I didn't understand. Please explain.

According to me,

fun1

num=1
ptr is a va_list variable.
ptr , 1
str copy Apple // ptr=1 so first string copy

Apple //print

fun2

num=2
ptr=2
num= (12+13)/2 // average of first two number
num =12

12 //print

The final answer is;
Apple12.

Here, in void func 1,

va _start( ptr , num ) points to first argument in func 1 ie '1'
str=va_arg (ptr,char*) points to next argument in func 1 ie 'Apple' as there is no loops it directly prints Apple.

In void func2,

va_start( ptr,num) points to first argument in void func2 ie '2'
va_ arg(ptr,int) points to next argument in void func2 ie. '12' as there is no loops it directly prints '12' as output.
So our output is Apple 12.

I didn't understand.
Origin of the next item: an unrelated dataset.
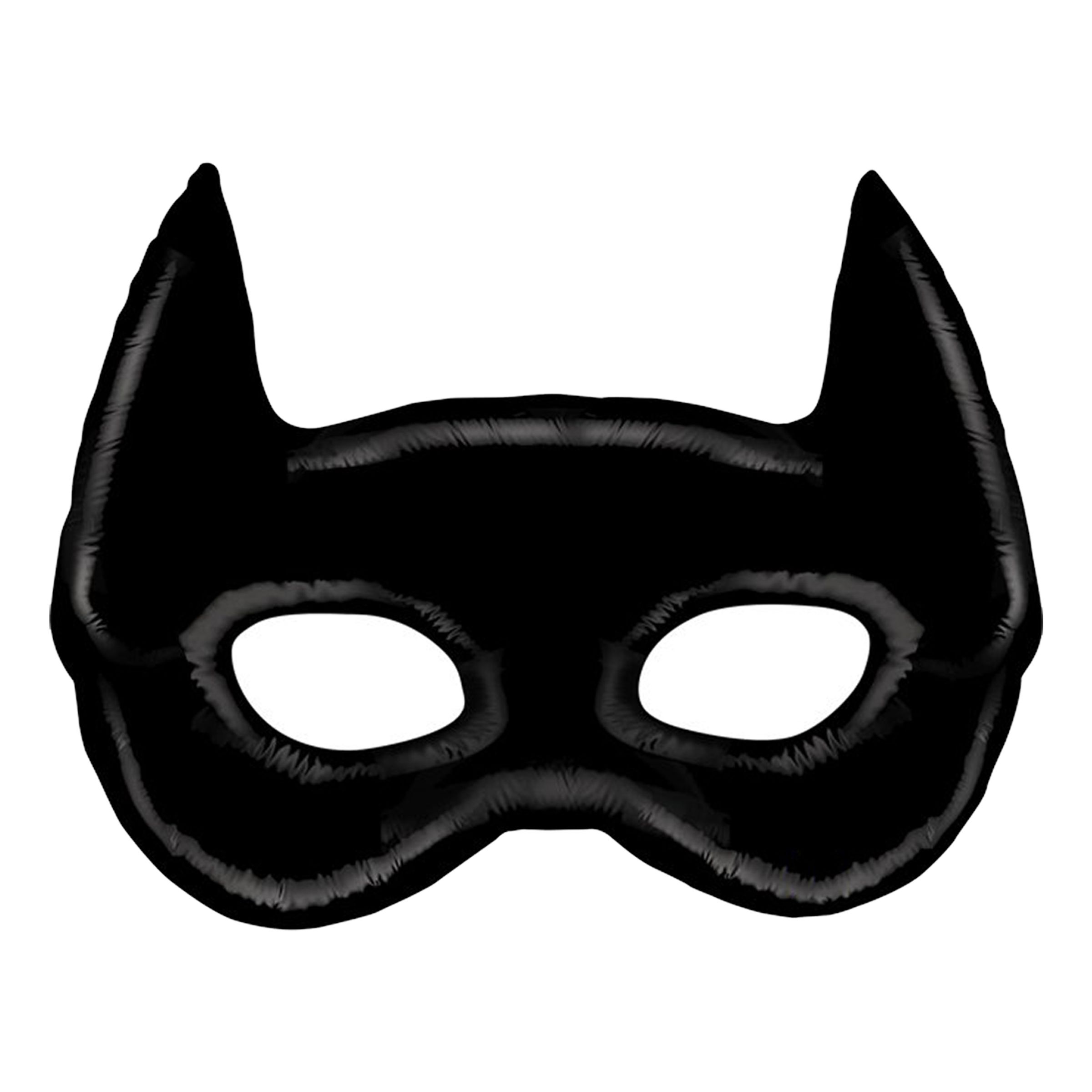 Folieballong Bat Mask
Please correct explanation.

At 1st calling function called i.e. str = va_arg(ptr, char *);

It takes very 1st character pointer which starts after the num {void fun1(int num, ...);} and when the 2nd calling function called i.e. num = va_arg(ptr, int);

It takes the 1st argument of function after num {void fun2(int num, ...);}

Here va_start(ptr, num) change the location of calling function.
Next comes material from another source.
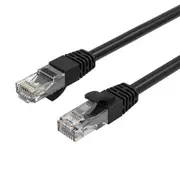 Cruxtec Cat 6 Ethernet Cable - 5m Black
If you cannot call va_start function in definition fun1 then it show segmentation fault and if you cannot call in definition of fun2 then it take after 12 i.e 13.

So, you have to understand how va_start and va_arg function works.

Can any one explain it properly?

In 1st function it calls %s. So it is string using va_list ptr, in 2nd function va_list ptr calls %d and at 2nd pointer of the 2nd function.

As I couldn't find any precise explanations, so I decided to post one myself:

va_start() always points to the 1st parameter of the "Variable Argument List (...)". Hence, in both the cases we are getting the first parameter as the output, as va_arg() is retrieving the first argument.

Note: If va_arg() is called multiple times by any mechanism then it will simply advance the pointer in the Var. Arg. List. It even returns garbage if the list's bound is passed.